Vorremmo tranquillizzare gli amanti degli animali: la vicenda in realtà non è mai accaduta. Si tratta di un’invenzione che tuttavia spopolò sui giornali per tutto l’Ottocento, raccontata come un episodio di cronaca. Tuttora compare in qualche libro dedicato alle curiosità storiche inglesi.
Nel settembre del 2021, lo studioso Christopher Smith ne ha analizzato contesto ed evoluzione in un articolo per la rivista History (The Great Chester Cat Hoax: Creating an Urban Legend in the Anglosphere Press, 1815–1955). Per farlo, Smith ha consultato i quotidiani disponibili grazie ad archivi come newspapers.com e il British Newspaper Archive. Fonti provenienti da giornali non digitalizzati potrebbero quindi essere ancora ignote; le conclusioni raggiunte, però, sono comunque interessanti.
Smith spiega che il primo giornale a parlare della storia dei gatti fu, nel 1815, un settimanale locale - o, almeno, è questa la prima occorrenza nota.
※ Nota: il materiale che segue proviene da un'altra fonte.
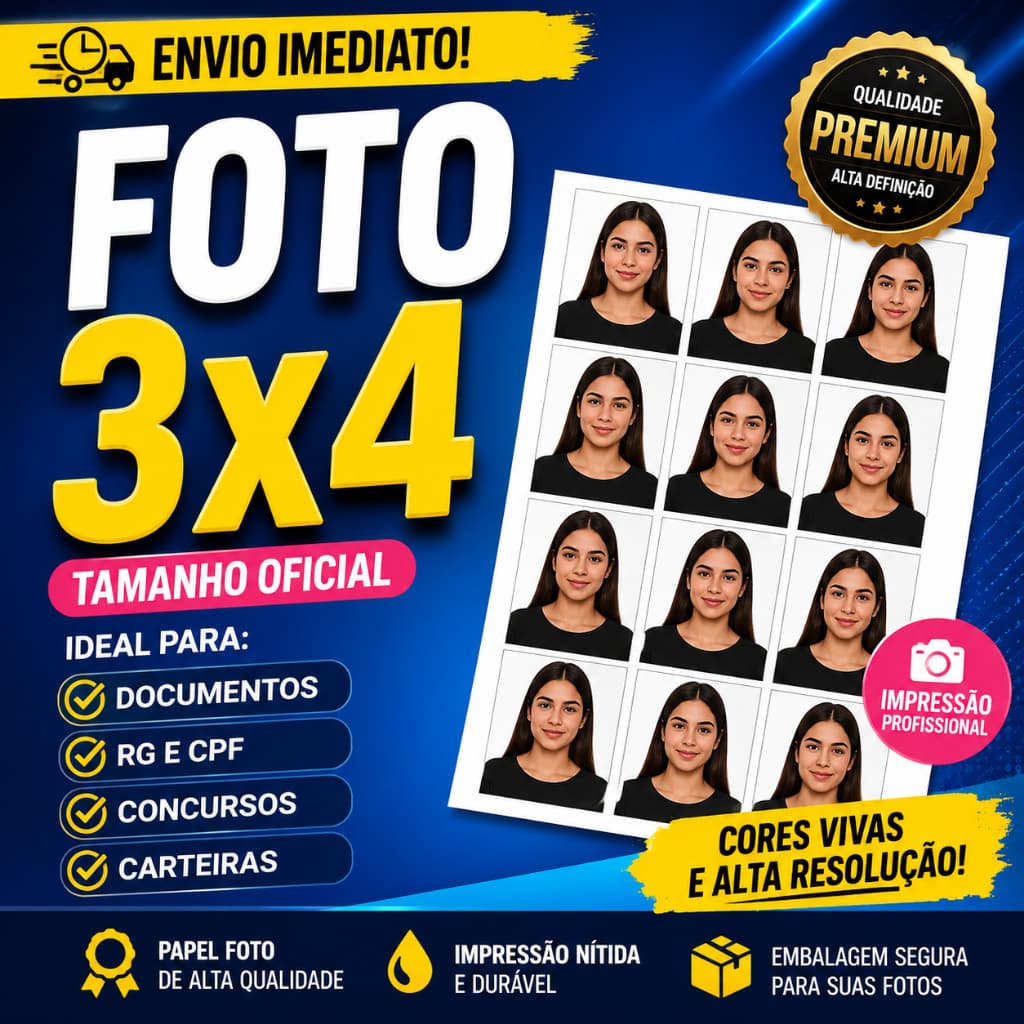 📸 Foto 3x4 para Documentos | Impressão Premium em Papel Fotográfico | RG CNH Passaporte Concurso | Envio Rápido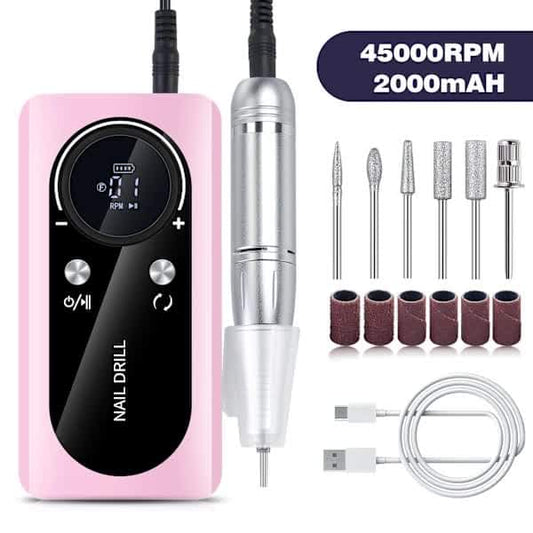 Pink rechargeable electric nail drill with LED display, control buttons, and accessory kit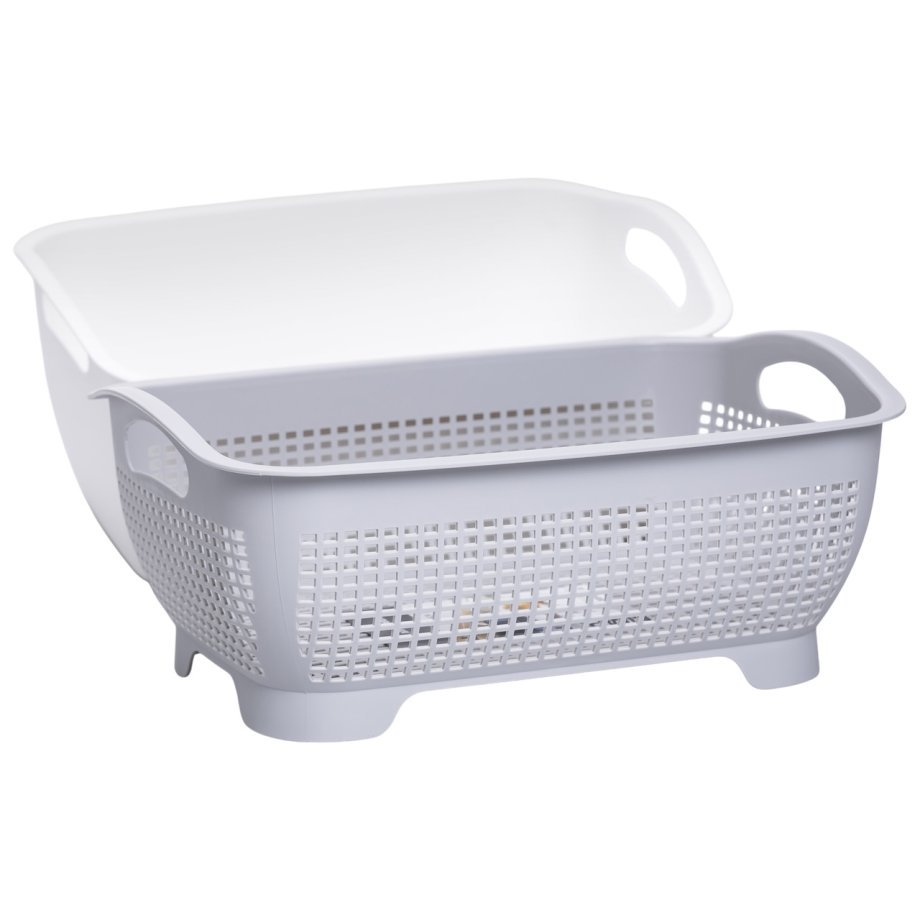 Кошик-друшлак 2 в 1 для миття овочів, фруктів і зелені 29,5×21×11 (см) Сірий HP-45-6G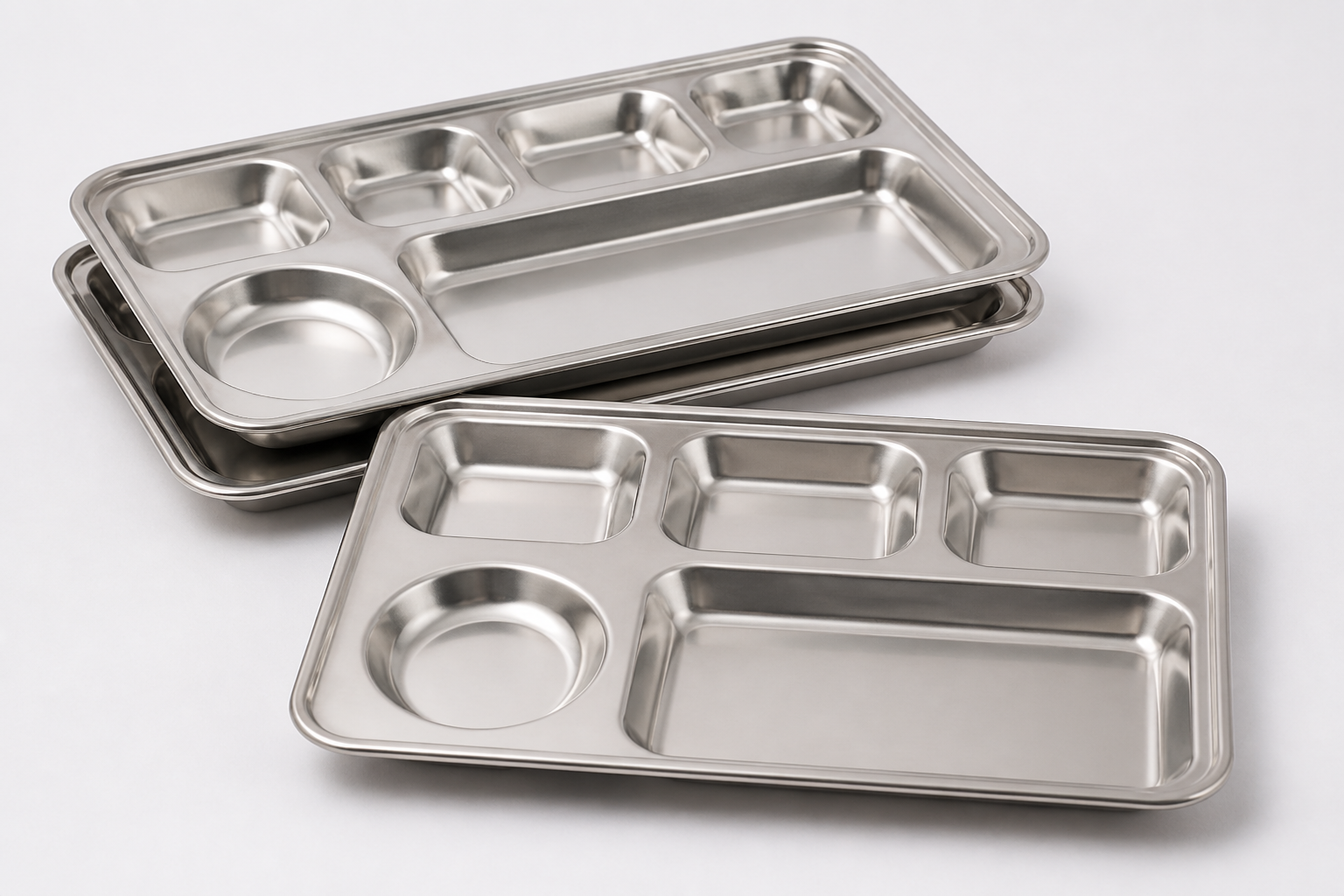 Wholesale Stainless Steel Compartment Plates, School, Company Cafeteria Dinnerware for Bulk Buyers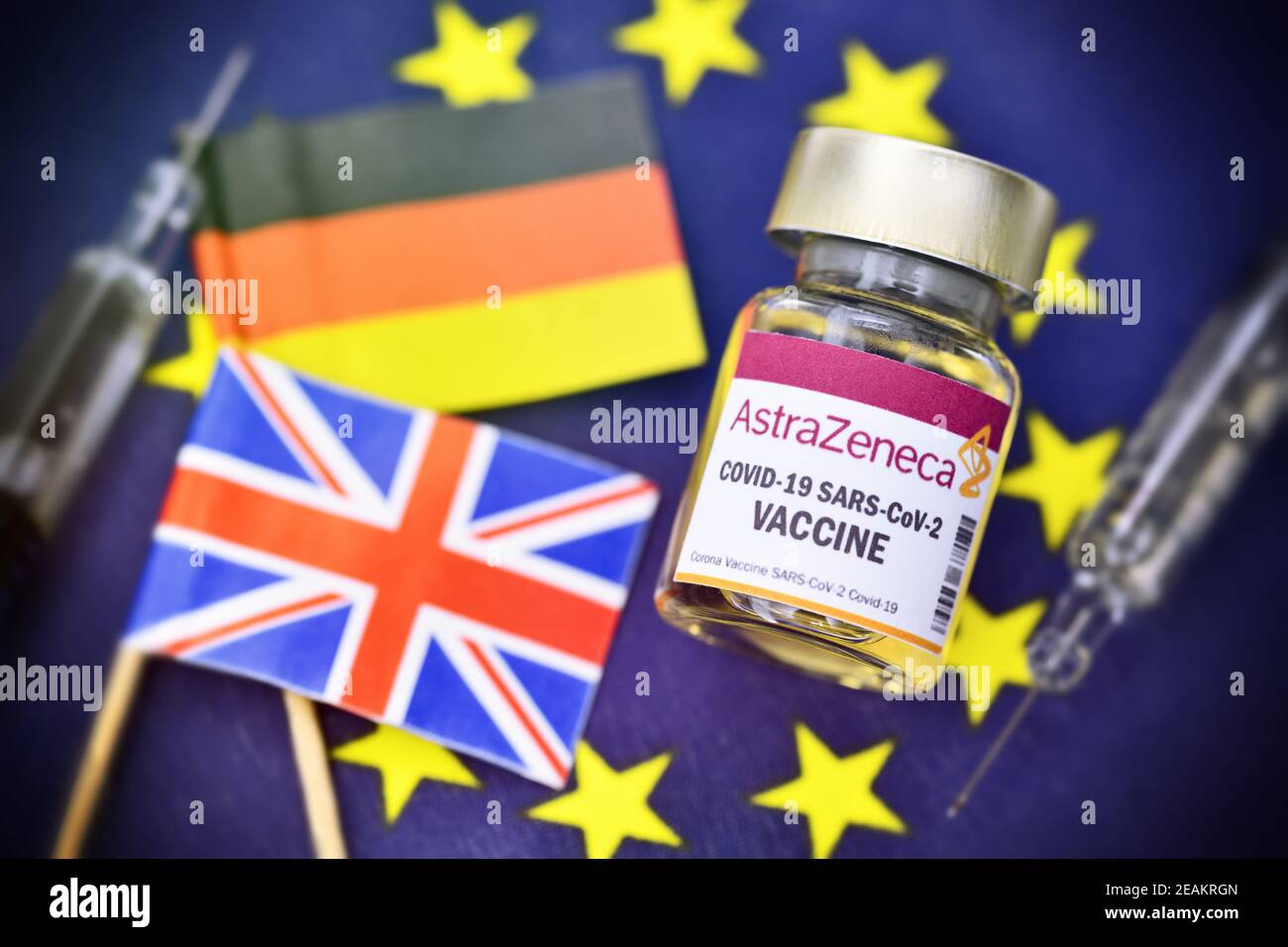 Vaccine Vial On EU Flag, AstraZeneca Vaccine Supply Stock Photo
L’articolo si intitola Hoax at Chester e comparve sul Chester Chronicle del 1° settembre. Potremmo definirlo un pezzo di debunking: si racconta infatti che a Limerick era stata pubblicata la storiella dello scherzo dei gatti, ma che tutta la vicenda era un falso clamoroso.
Ma davvero un giornale di Limerick pubblicò qualcosa in merito? Non lo sappiamo; un indiziato potrebbe essere il Limerick Journal, di cui però sono sopravvissute pochissime copie (e le annate relative al 1815 non sembrano tra queste). Un’altra possibilità è che il Chester Chronicle, che riproduceva per intero l’articolo-bufala, avesse inventato di sana pianta la vicenda. La notizia era infatti preceduta da queste parole:
[...] Tuttavia, [la storia] può piacere ad alcuni dei nostri lettori e servire a mostrare quanto facilmente i nostri amici della Sorella Irlanda si lascino ingannare.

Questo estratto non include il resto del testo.